**Supplied data:**
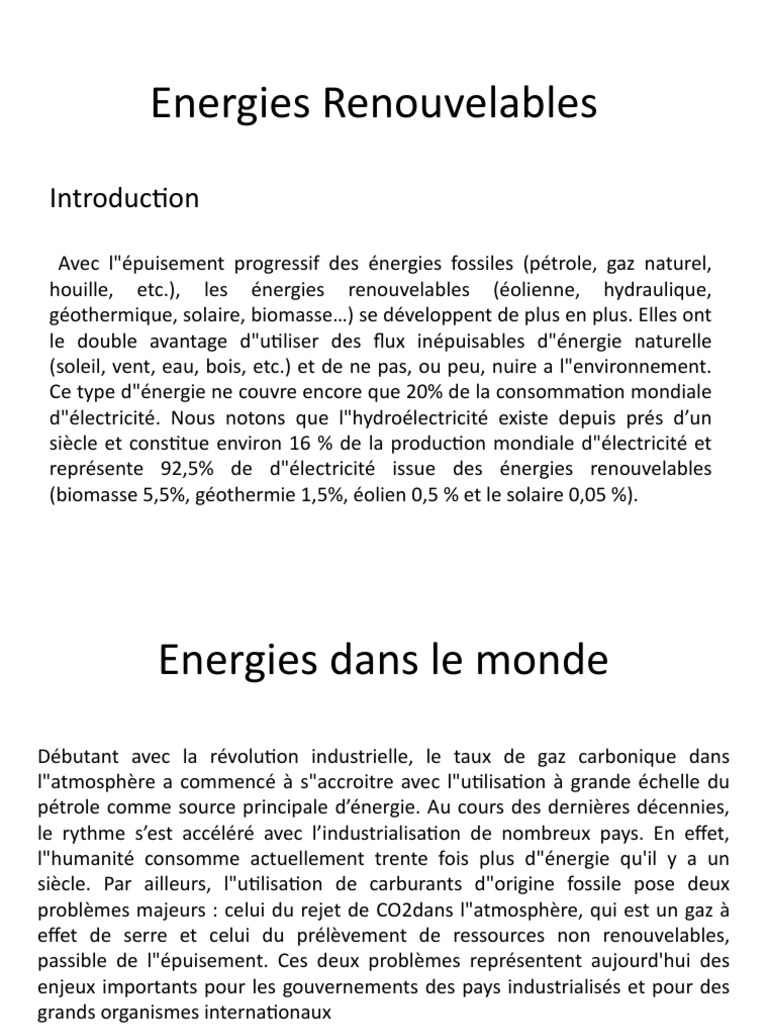 Énergies Renouvelables : Enjeux et Types | PDF | Énergie renouvelable ...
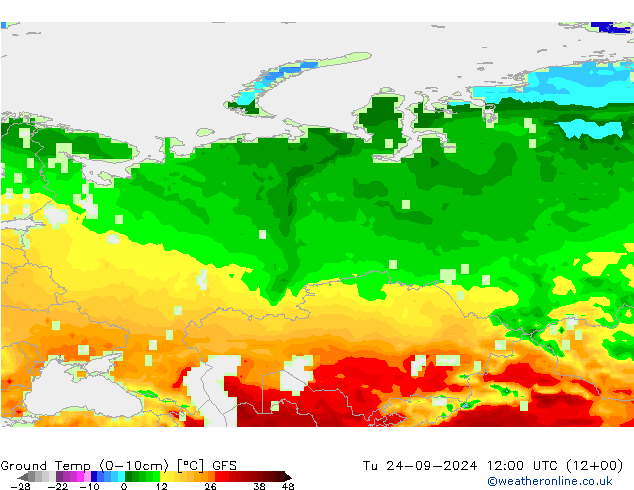 Ground Temp (0-10cm) GFS Út 24.09.2024 12 UTC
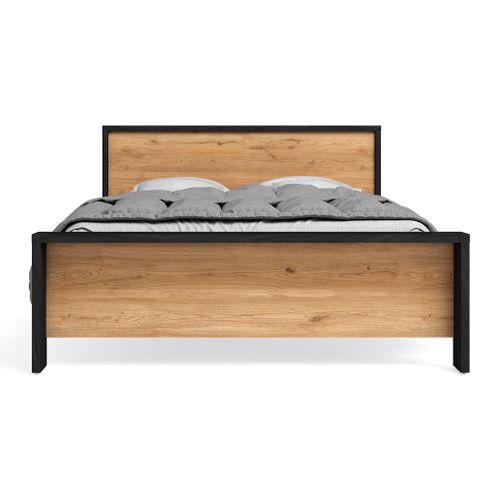 Lit 140x190 cm TRAVIS imitation chêne et noir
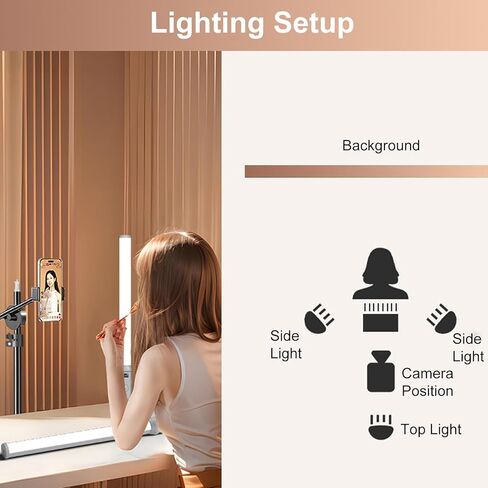 Sorandy 3000mAh LED عصا إضاءة الفيديو، عصا إضاءة التصوير الفوتوغرافي مع 124 مصباح LED 20 مشهدًا للبث المباشر للصور الفوتوغرافية الإبداعية 2500k 9900k Cri95 RGB Color in Kuwait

**Aim of the task:** Nothing but the lines from the line with "Ground Temp (0-10cm)" through the last line of the listing should be copied, exactly and with both ends kept. Leave pictures out.

**Answer space:**
 Ground Temp (0-10cm) GFS Út 24.09.2024 12 UTC
 Lit 140x190 cm TRAVIS imitation chêne et noir
 Sorandy 3000mAh LED عصا إضاءة الفيديو، عصا إضاءة التصوير الفوتوغرافي مع 124 مصباح LED 20 مشهدًا للبث المباشر للصور الفوتوغرافية الإبداعية 2500k 9900k Cri95 RGB Color in Kuwait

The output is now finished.